→ Entries shown:
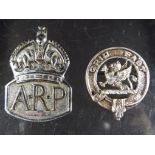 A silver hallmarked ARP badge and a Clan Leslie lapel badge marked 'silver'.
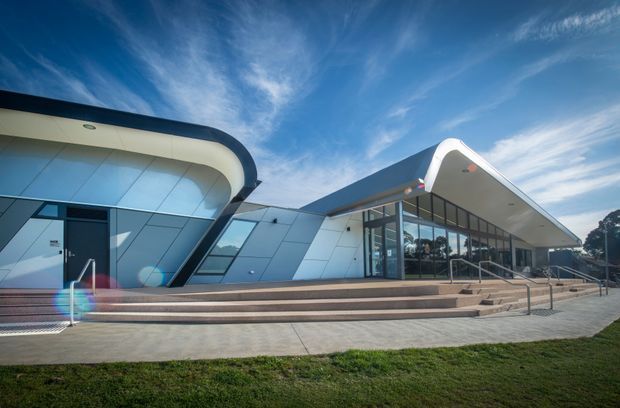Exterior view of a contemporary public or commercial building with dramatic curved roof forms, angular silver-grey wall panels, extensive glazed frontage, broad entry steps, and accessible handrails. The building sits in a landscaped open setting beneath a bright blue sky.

---

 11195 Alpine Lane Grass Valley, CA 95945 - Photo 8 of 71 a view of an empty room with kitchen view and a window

...

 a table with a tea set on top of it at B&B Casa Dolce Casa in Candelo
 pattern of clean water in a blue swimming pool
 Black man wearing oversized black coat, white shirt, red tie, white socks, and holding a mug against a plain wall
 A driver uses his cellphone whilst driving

→ Problem description: In the listing above, find the line with "A silver hallmarked" and output it and every line after it up to and including the line with "Exterior view of", exactly, minus the pictures.

→ Exercise solution:
 A silver hallmarked ARP badge and a Clan Leslie lapel badge marked 'silver'.
Exterior view of a contemporary public or commercial building with dramatic curved roof forms, angular silver-grey wall panels, extensive glazed frontage, broad entry steps, and accessible handrails. The building sits in a landscaped open setting beneath a bright blue sky.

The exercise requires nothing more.